Advanced Computing Challenge 5: What do we do when Moore’s law doesn’t extend

Why is it difficult?

Moore’s law guided the growth of integrated circuits over the last 50 years with the production of more integrated and low-cost electronic devices. Now it doesn’t work that efficiently, and we no longer get the same power efficiency that we used to get by making smaller transistors. Therefore, new approaches are required to scale computing in the future. In this direction, new technologies such as on-chip parallelism, heterogeneous and specialized parallelism hold a good potential because it is a more power-efficient and scalar way to get performance scaling than general-purpose processors. However, specialized heterogeneous parallelism is hard as we have lost much of the durable, long-term abstractions that we had between hardware and software for 50 years. We are programming in a very different way than we used to, and we have lost the ability to port software as easily as we used to, and that has implications on reliability and security.
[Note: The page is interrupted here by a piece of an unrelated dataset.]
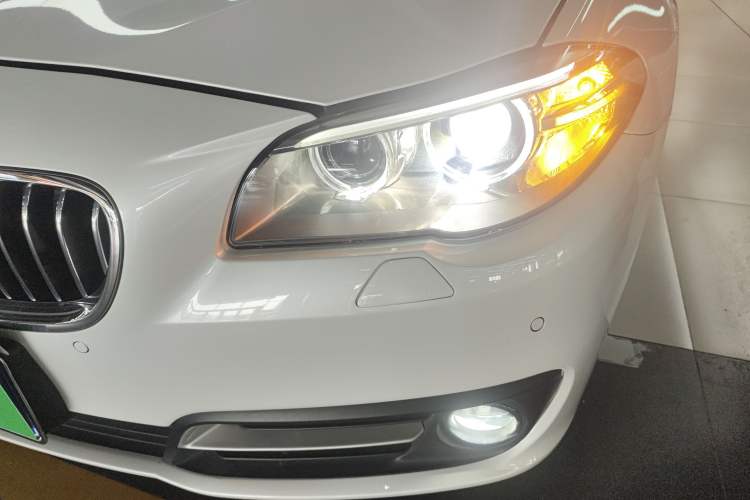 Used BMW 5 Series 2015 520i Elegant Edition Left Front Headlight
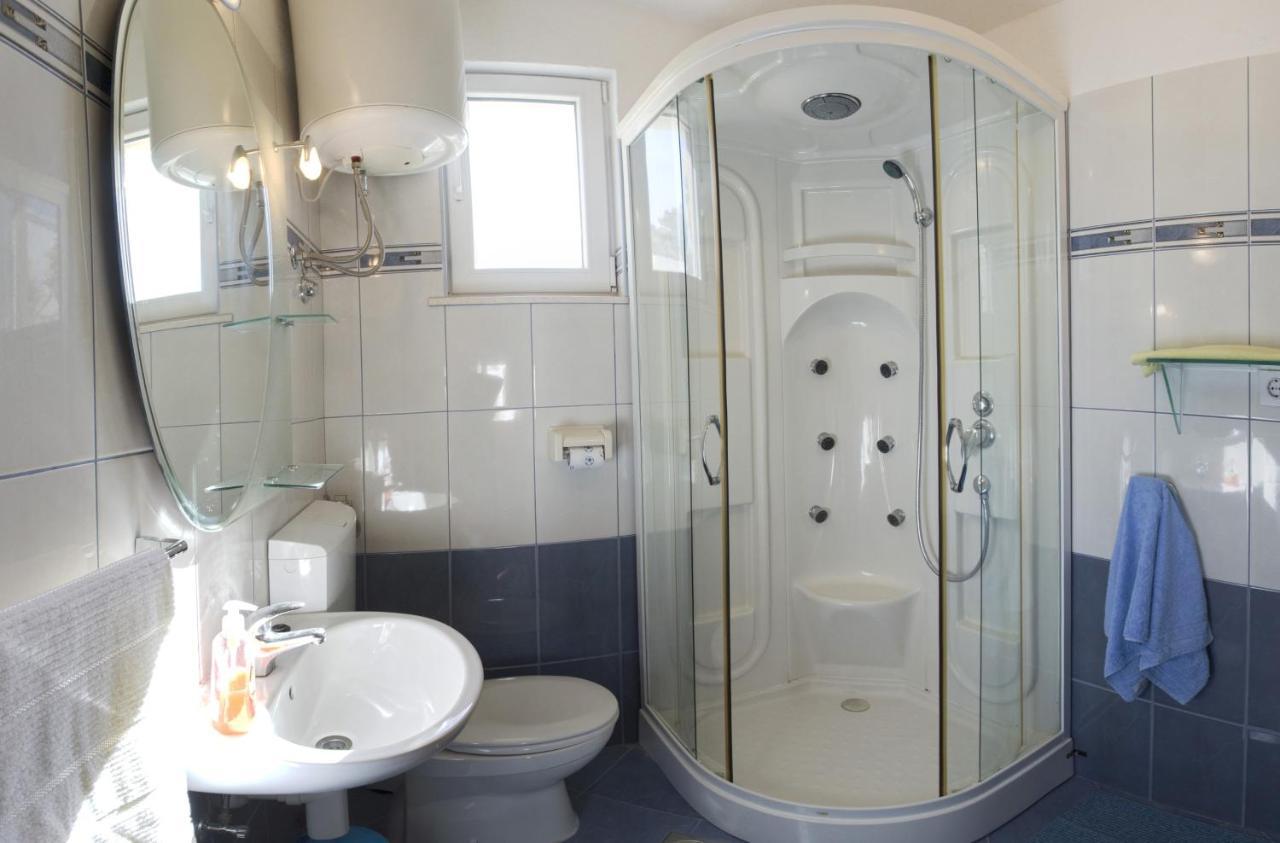 Apartments By The Sea Mavarstica, Ciovo - 12696 Trogir Zewnętrze zdjęcie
Therefore, developing a robust hardware-software stack with heterogeneous computing is an open challenge.

What is the impact?

Over the last many years, we have seen that our laptops and cell phones are getting cheaper, smaller in size, and more powerful than before. We expect the same trend to continue in the future. Heterogeneous computing is also energy efficient as it uses different types of processors incorporating specialized processing capabilities to perform different tasks.